Las noticias no eran precisamente buenas. Al parecer, varios países árabes estaban realizando preparativos para efectuar un despliegue de fuerzas en Pakistán como acto de solidaridad musulmana, mientras que el primer ministro indio había convocado con urgencia una reunión con los generales de todos los ejércitos. En un esfuerzo activo por resolver la crisis, el secretario de Estado de Estados Unidos había emprendido un viaje a Islamabad, para dirigirse a continuación a Nueva Delhi por cuarta vez consecutiva en las cuatro últimas semanas.

Jack esperaba que el secretario de Estado comprendiera mejor que él, que tenía las ideas harto confusas, los motivos que habían desencadenado la crisis. Como la mayoría de norteamericanos, desconocía las razones por las cuales los hindúes y los pakistaníes andaban otra vez a la greña y se amenazaban con aniquilarse mutuamente.

Al salir del Smithsonian, Jack cogió un taxi, que lo dejó en el hotel. A escasos metros de allí se hallaba el alto edificio modernista que alberga la National Geographic Society.

En 1888, el año de fundación de la National Geographic Society y de la mundialmente famosa revista de cubiertas amarillas, se había acordado que los beneficios que aportara esta última servirían para ayudar a financiar las expediciones de la sociedad. Pero hoy, cuando el siglo xx está a punto de terminar y la revista cuenta con casi once millones de lectores, la mayoría de las actividades de la sociedad se financian mediante las cuotas anuales de sus miembros.

La National Geographic Society se cuenta entre las organizaciones científicas más ricas y benévolas. No obstante, por más que el lema de la revista fuera «nunca publicaremos nada que no ofrezca una visión amable de los países y de los pueblos sobre los que escribimos», Jack sabía, a aquellas alturas, que no cabía esperar que semejante amabilidad fuera a traducirse, de forma automática, en un patrocinio que destacara por su generosidad. Sabía muy bien que la lucha por lograr ser patrocinado por la National Geographic Society era encarnizada y que no podría restar importancia al desastre ocurrido en el Machhapuchhare, por mucho que insistiera en que se había producido en el Annapurna.

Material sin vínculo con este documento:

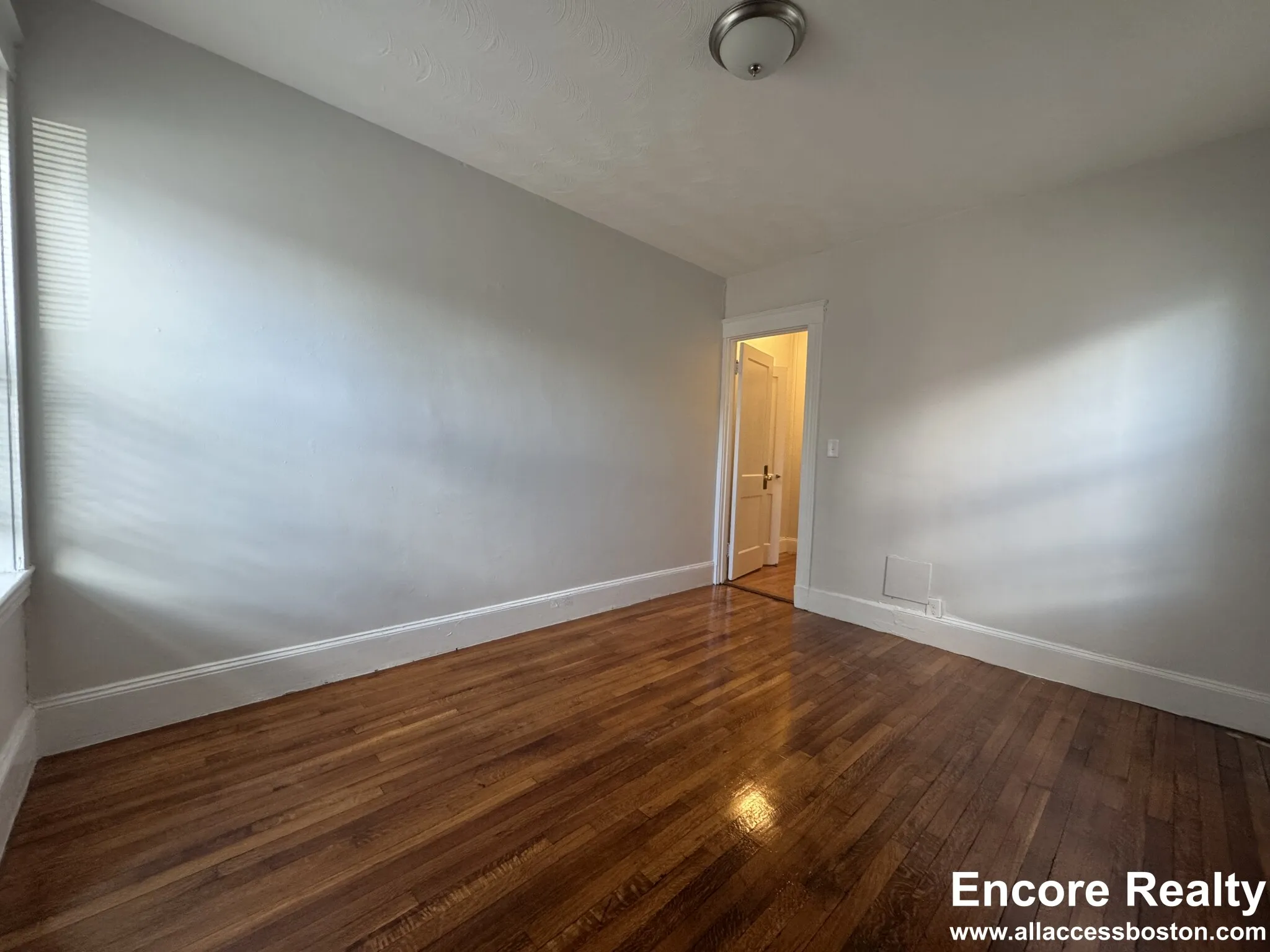 2 bed, 1 bath apartment for rent at 1615 Commonwealth Ave Unit 6A, Brighton — photo 8 of 11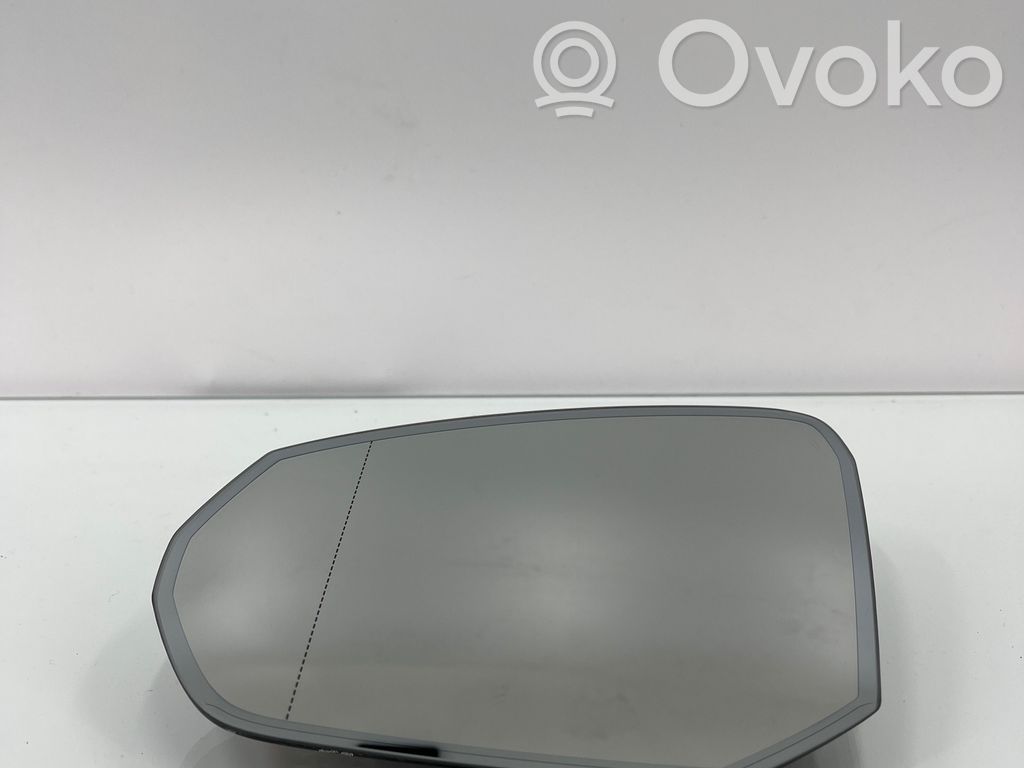 Audi Q3 F3 Spoguļa stikls 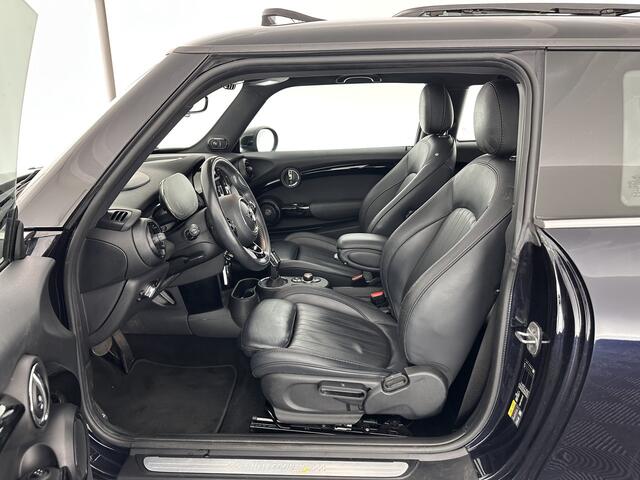 Mini Electric Mini Yours 33 kWh [ 3-Fase ] *PANO | FULL-LEATHER | HARMAN/KARDON-AUDIO | FULL-LED | KEYLESS | CAMERA | NAVI-FULLMAP | DIGI-COCKPIT | DAB | HEAD-UP | SPORT-SEATS | 17"ALU*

En la reunión con los representantes de la sociedad y de la revista, no obstante, Jack se mostró hasta tal punto candoroso y autocrítico que él mismo fue el primero en sorprenderse. Sabía que lo ocurrido había sido un accidente. De igual modo, estaba convencido de que, más allá de exponerse al evidente peligro que supone siempre, para cualquier alpinista, emprender la ascensión, con un solo compañero de cordada, de las enormes paredes escarpadas de los montes del Himalaya, sobre todo cuando, como él, se había decidido a prescindir del oxígeno, él no había actuado con negligencia. Pero en el fondo de su corazón Jack se sentía responsable de lo ocurrido, puesto que la idea de escalar los picos más altos del mundo de aquel modo tan arriesgado había partido de él.

Cuando Jack hubo terminado su relato de la expedición, el director de patrocinio, Brad Schaffer, asintió con solemnidad y dijo:

– Me gustaría darte las gracias por haber sido tan franco y honrado al exponernos lo que ocurrió, Jack. Estoy convencido de que hablo en nombre de todos nosotros si te digo que te agradecemos que hayas venido tan de prisa, cuando la tragedia es todavía reciente, y que nos hayas dado una explicación cabal. Estoy seguro de que esto facilitará enormemente el que podamos indemnizar a la familia de Didier Lauren con celeridad, ¿no es así, señorita Harman?